Of course, many readers may remember her more directly folk-derived work from several years ago, as captured on her debut album Firetales. Discussing her previous work, she observes, “whilst my earlier work was still experimental, the songs had a fairly traditional structure with verse and chorus. I found myself trying to write more accessible songs, which in the end felt restrictive. I also used guitar as my backing instrument which over the years felt less and less conducive to my song writing.” Looking back on this period, Stern tells me: “I’m very proud of my earlier stuff and it’s not a million miles from what I do now, I guess it’s just more emotional. Looking back even further – back to my Lake Me days – you can pick out common themes of minimalism, simplicity and repetition.”

I allowed myself to be more sound focussed rather than song focussed

Those restrictions however would lead to her taking a hiatus from writing and performing to re-evaluate her practice, before returning with a markedly different set-up and style. “I took a two-year break from writing music to just let things simmer in my head and I came out of it wanting to remove those restrictions and go for looser song structures – or sometimes for no structures at all. I made a decision to just play what I like and see what would come of it. I guess I allowed myself to be more sound focussed rather than song focussed and that resulted in dronier and darker tunes that are more emotive. Interestingly, this new stuff seems to appeal to a wider – or at least a more eclectic – audience.”

Indeed, her recent material has seen her attract new listeners with performances with acts as diverse as Silver Apples, Grumbling Fur and Arcane, as well as a recent appearance at The Sage for BBC Radio 3’s Free Thinking Festival in March. That was a really great night with a cracking bill as Swarm Front and Midnight Doctors played as well. The whole thing was pretty nerve-wracking actually: I got in early to do a sound check only to find that the PA wouldn’t be set up until just before the gig, and on the night itself, I was told that Verity Sharp would do a live interview with me in the middle of my set! But it’s fun to do gigs in different settings – you just have to go with it and accept that you’re at the mercy of the organisers of the event – and in the end, the gig and interview both went really well and I enjoyed it immensely.”

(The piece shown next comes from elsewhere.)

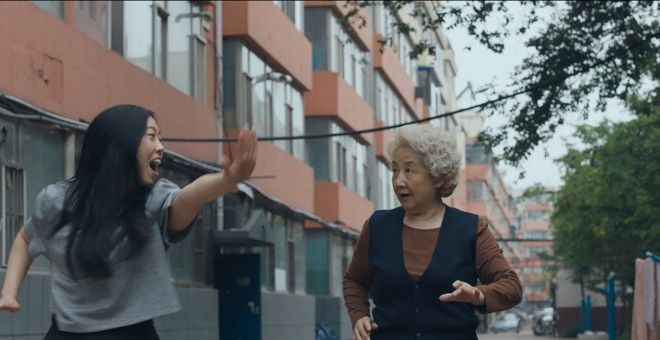 Awkwafina y la veterana actriz china Zhao Shuzhen.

One key aspect of Stern’s sound that has remained consistent across this shift however is her use of loops and vocal layers. “I remember very clearly when I decided to use loop pedals: Rose Kemp played a gig in the record shop Alt Vinyl (RIP) in 2005 and I was blown away when I heard her record her own vocals live and then harmonise with them using a loop pedal. I had, at that point, for some time wanted to revisit the old folk and choral songs that I’d sung at school back in Sweden, and when I saw Rose’s gig, I had a complete epiphany. So I borrowed a similar pedal from a friend to try it out, and did my first solo gig a few months later.”

Another major influence on Stern that comes up is the soundtracks of John Carpenter. “I’m a product of my generation, growing up watching John Carpenter films in the eighties and nineties. The Carpenter influence is very clear in one of my tracks, which is essentially a homage to him, but it’s more subtle in the rest of my stuff by just reflecting similar sounds. In terms of film scores, the single most influential composer is Krzysztof Komeda, a Polish composer who wrote the soundtrack to Roman Polanski’s Rosemary’s Baby and The Fearless Vampire Killers. The Fearless Vampire Killers was my absolute favourite film when I was eight – I watched it pretty much every week for nearly a year!”

While her upcoming show at Northern Electric Festival is her main priority, she does broach the subject of a new album as well. “I’ve just been away procrastinating for two and a half months, drinking margaritas and eating tacos, but the idea is that I’ll start recording this year with the intent on releasing an album next year. But I say this every year, so you might want to check in on me again in a few months. Bring a bottle of tequila when you do.”

Nathalie Stern plays Cluny 2 as part of Northern Electric Festival on Saturday 22nd July.